● **What you have to do**
Print each entry again exactly as written, and keep the pictures out.

● **Provided data**
'''

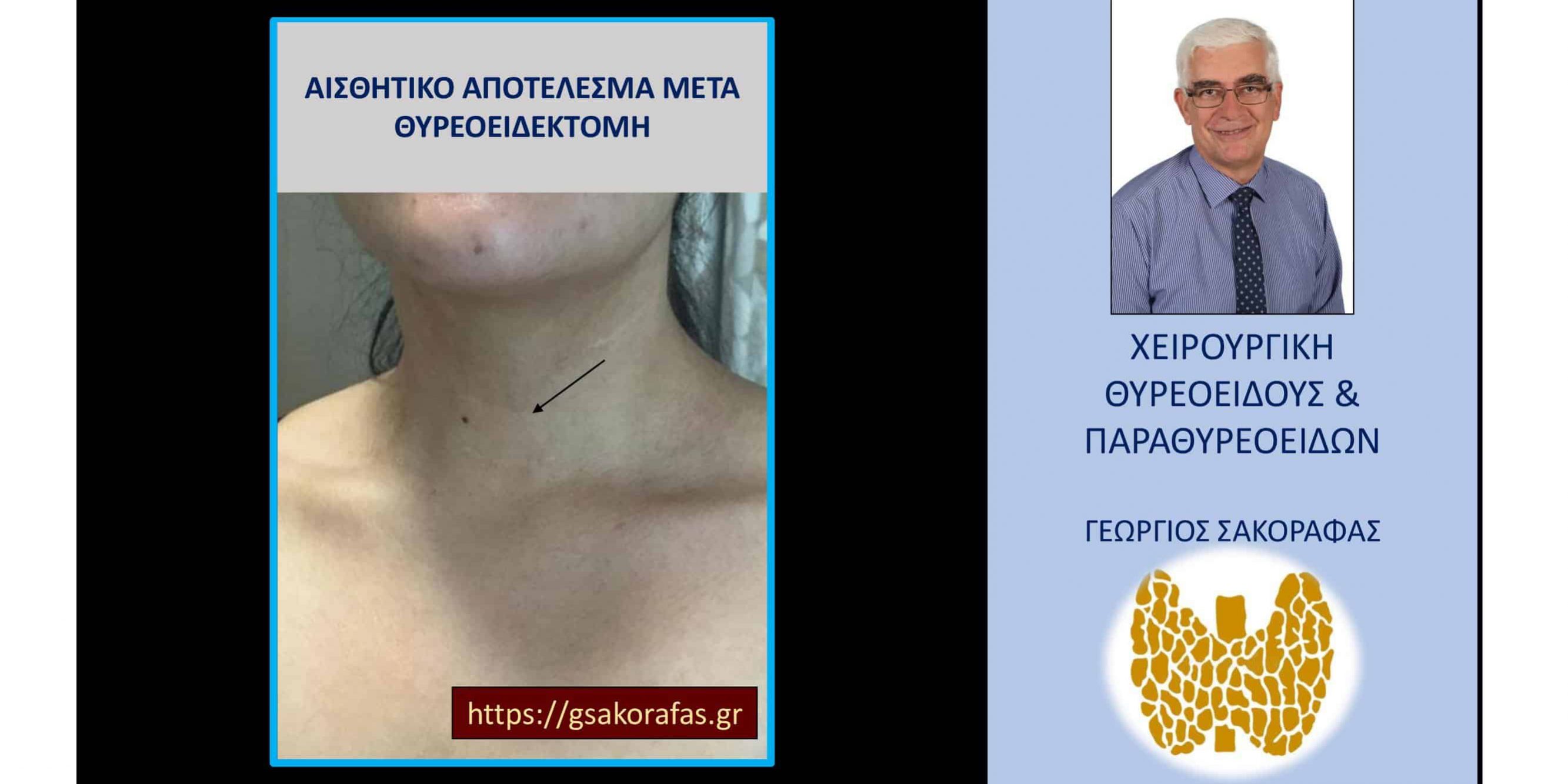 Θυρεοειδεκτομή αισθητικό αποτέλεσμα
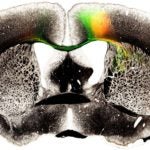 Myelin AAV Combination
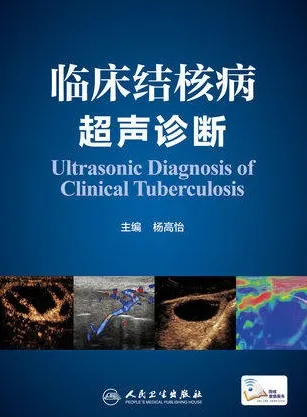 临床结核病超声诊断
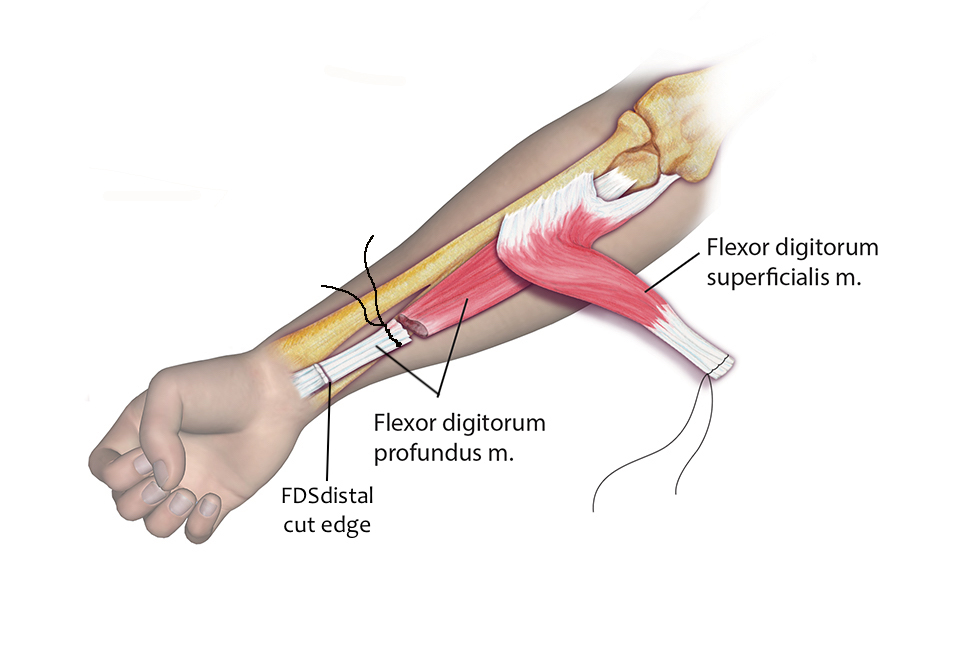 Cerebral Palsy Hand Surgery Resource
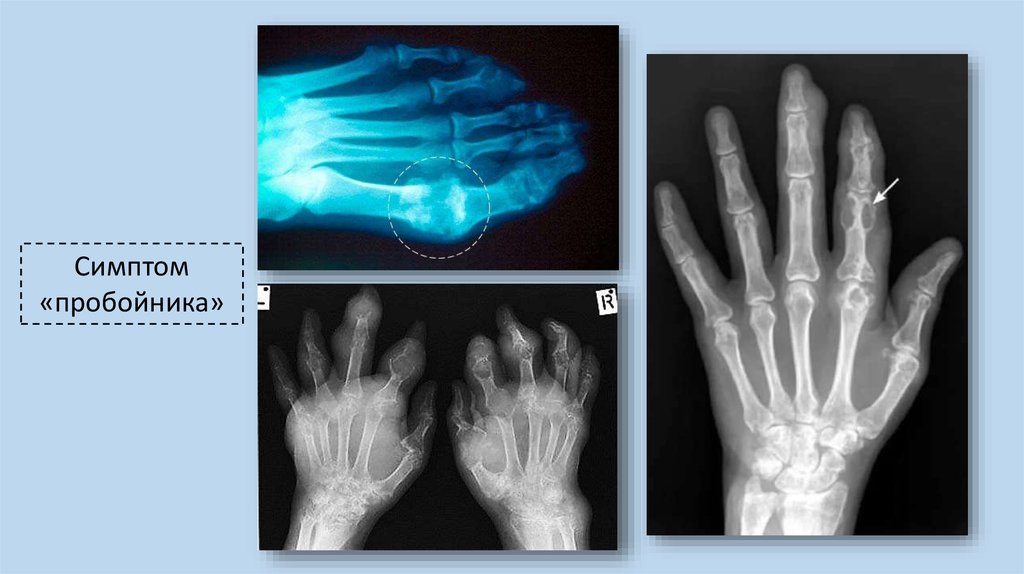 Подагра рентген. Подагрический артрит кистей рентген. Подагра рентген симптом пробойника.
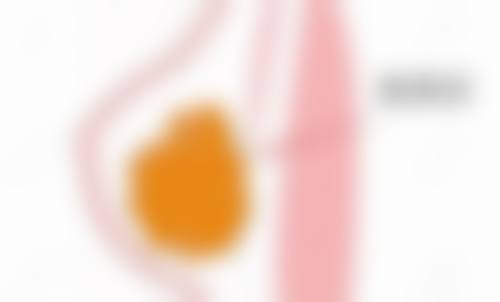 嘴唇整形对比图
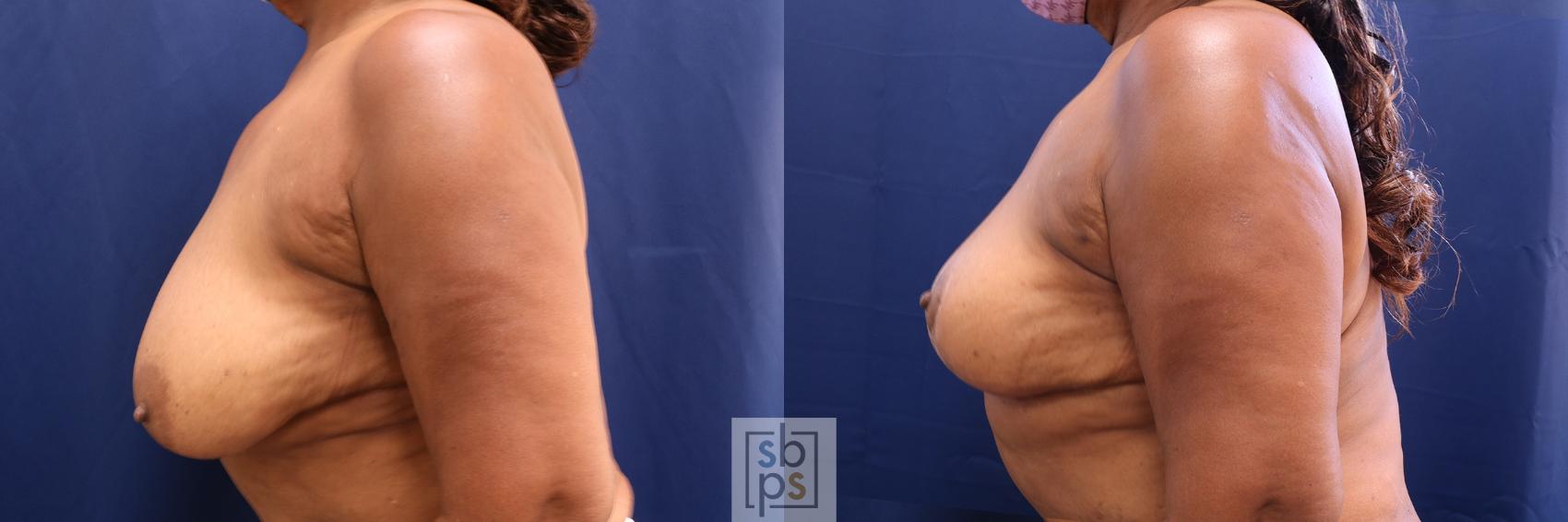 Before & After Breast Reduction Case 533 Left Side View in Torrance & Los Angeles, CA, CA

'''

● **Solution to this problem**
 Θυρεοειδεκτομή αισθητικό αποτέλεσμα
 Myelin AAV Combination
 临床结核病超声诊断
 Cerebral Palsy Hand Surgery Resource
 Подагра рентген. Подагрический артрит кистей рентген. Подагра рентген симптом пробойника.
 嘴唇整形对比图
 Before & After Breast Reduction Case 533 Left Side View in Torrance & Los Angeles, CA, CA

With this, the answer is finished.